GPS Moving Into More Handsets, says Berg

Global shipments of GPS-enabled GSM/WCDMA handsets increased 92% percent in 2009, to 150 million units, according to a new research study from the analyst, Berg Insight. Growing at a compound annual growth rate (CAGR) of 38.7%, shipments are forecast to reach 770 million units in 2014.
Adoption of GPS technology started in the Smartphone segment, where it is now essentially a standard feature on all new models. Berg Insight anticipates high attach rates of GPS in new, low-cost Smartphones about to enter the market. In addition, GPS will become more common in mid-range feature phone models during 2010. Starting next year, users can also expect gradual improvements in location performance in handsets, the company says.
Chipset developers and handset vendors are already working on next-generation location technologies that will address the limitations of GPS when using handsets in urban canyons and indoors, says Andr Malm, Senior Analyst at Berg Insight. Multi-mode receivers that also support the Russian GLONASS satellite system will appear in handsets in 2011. By combining the two systems, more visible satellites will increase the chance to receive sufficiently strong signals to get a fix in more locations.

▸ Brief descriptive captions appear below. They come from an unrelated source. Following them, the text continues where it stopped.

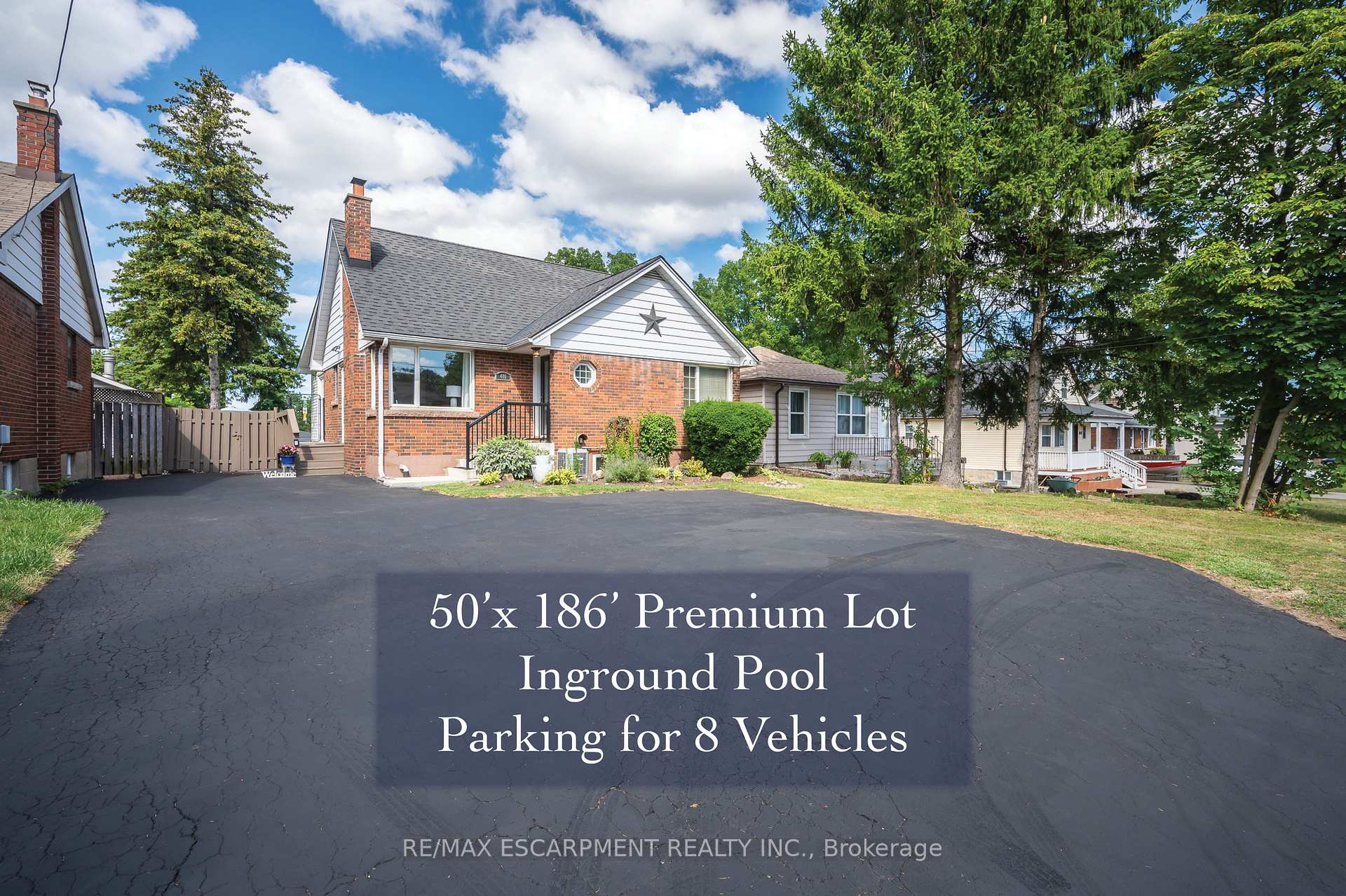 Photo 1 of 480 Mohawk Road W, Hamilton, Westcliffe — HOMEH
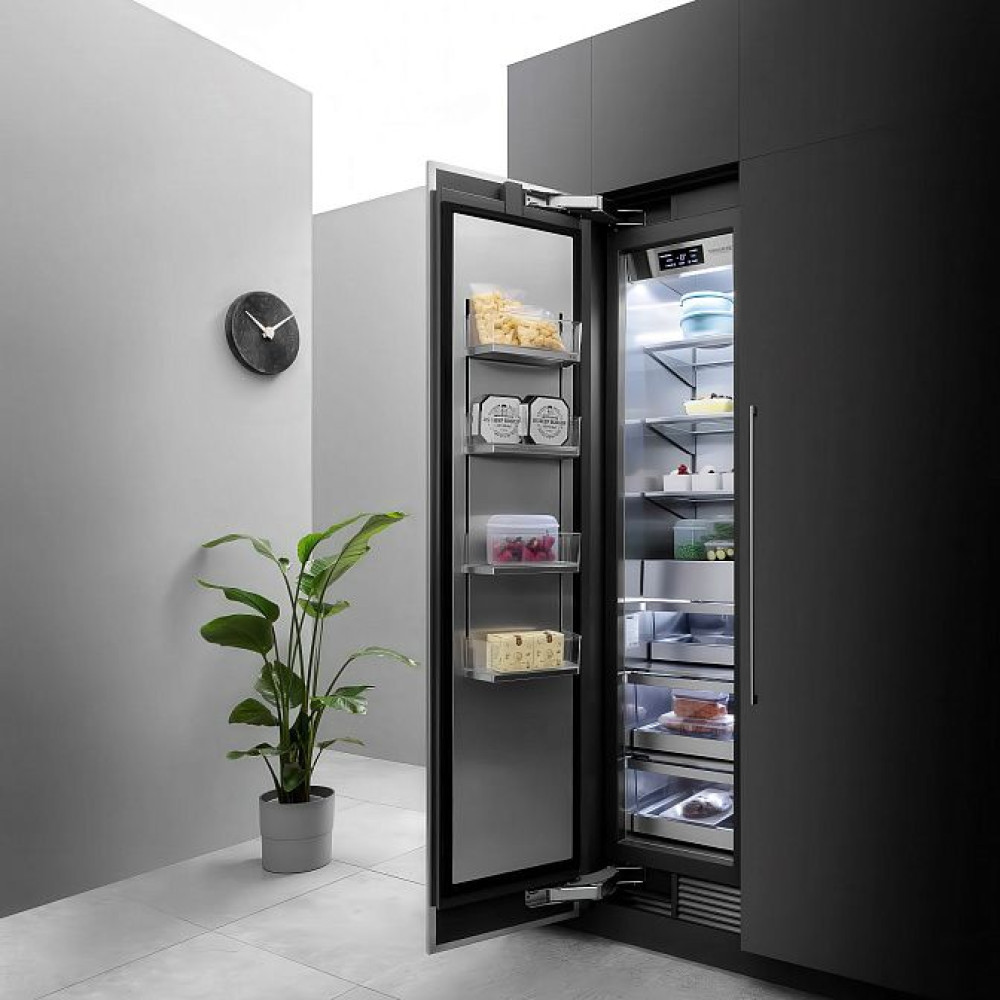 Морозильник Signature SKSCF2411P.ASWQEUR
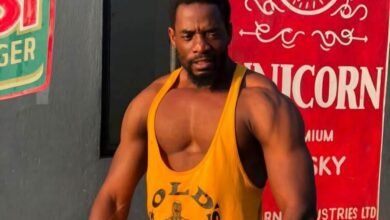 Zambia Mourns Tryton Fitness Owner Darlington Katongo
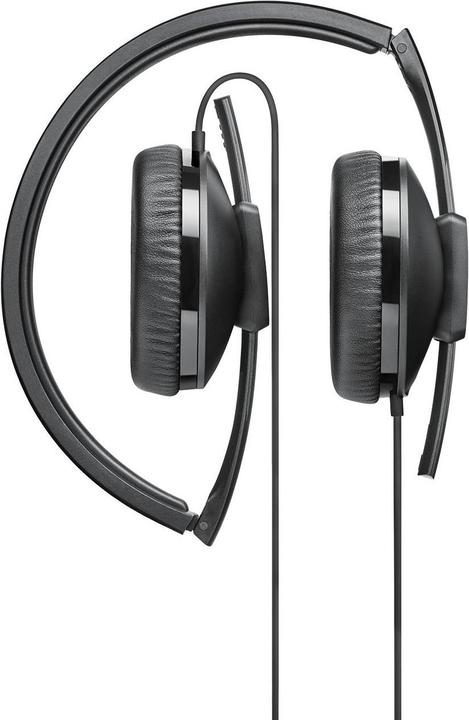 Produktbild Sennheiser HD 100 (Kabelgebunden)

Malm adds that receivers compatible with GPS, GLONASS, and later also Galileo, will not be enough to enable reliable positioning indoors. In the next decade, further performance increases will come from developments in hybrid location technologies. These fuse signal measurements from multiple satellite systems, cellular networks and wi-fi, together with data from various forms of sensors such as accelerometers, gyroscopes and altimeters.